MNP representation in vcf output

migbro commented 5 years ago

I am working on creating consensus calls in which we use lancet as one of our callers. While working on the issue of MNPs, I noticed that, from lancet, MNP calls include the leading reference base on all calla, meaning a phased call of CA -> GC would be output as TCA -> TGC. This causes some issues in consensus calling, since Mutect2 and VarDict would not include that leading reference base. It also threw off our benchmarking number before this, as similarly , in the truth set, without an adjustment, it would cause MNPs to be seen as misses, when they were indeed hits. Lastly, it also cases a problem using annotation, for instance, an unadjusted call like

11	124440144	GGG	GAA	MODERATE	OR8A1

Would have no SIFT prediction, while after adjustment:

11	124440145	GG	AA	MODERATE	OR8A1

Would have a SIFT annotation of deleterious(0)

I can easily make this adjustment myself, but I am curious as to why lancet represents MNPs this way. I am a fan of the caller by the way, and hope this question helps make it better!

gnarzisi commented 4 years ago

Thank you for your feedback. Glad to hear that you are a fan of the tool !

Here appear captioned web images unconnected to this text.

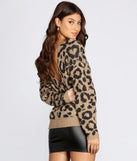 Leopard Print Wrap Sweater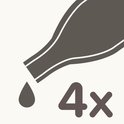 Illustratie van een pipet met een druppel vloeistof en de tekst '4x'.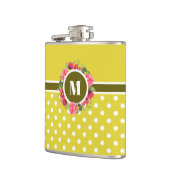 Waterverf roze rozen rode papavers met een groot m heupfles (Links)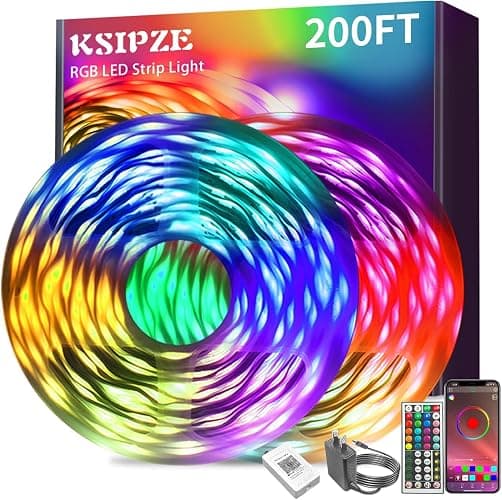 KSIPZE 200ft (2x100ft) Led Strip Lights RGB Music Sync Color Changing Bluetooth Led Lights with Smart App Control Remote Led Lights for Bedroom Room Lighting Flexible Home Décor - Image 1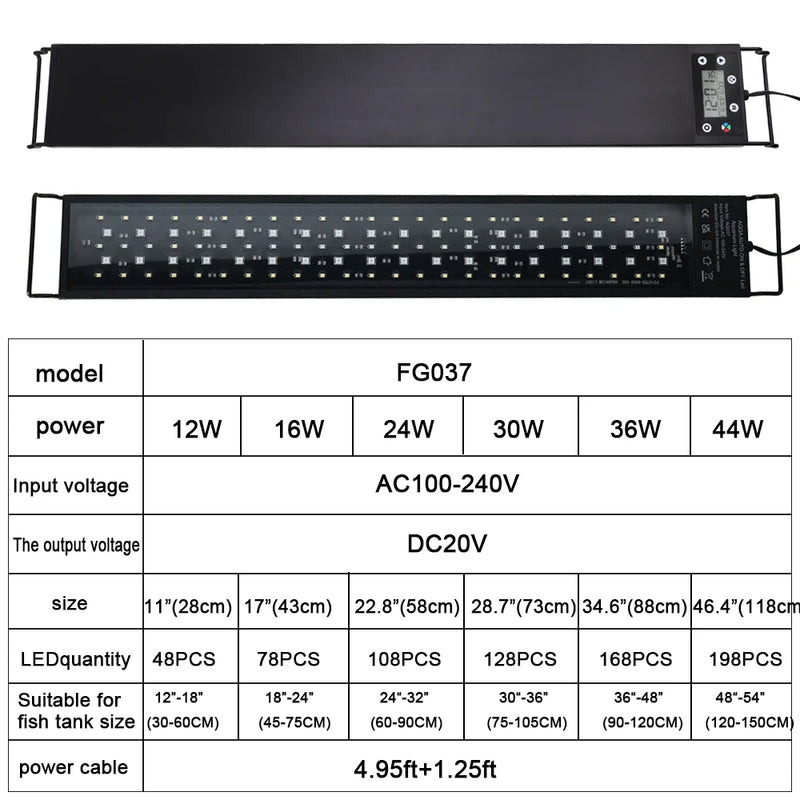 Aquarium LED Light Full Spectrum Waterproof For Fish Tank 30-60cm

There is no specific reason why we adopted this format except for the fact that we were treating these multi-base mutations similarly to indels, for which the VCF format indeed requires to add the preceding base. I agree with you that it would be more convenient to remove the leading base for those to simplify comparisons to other callers. We will add this feature request to the next release of the software.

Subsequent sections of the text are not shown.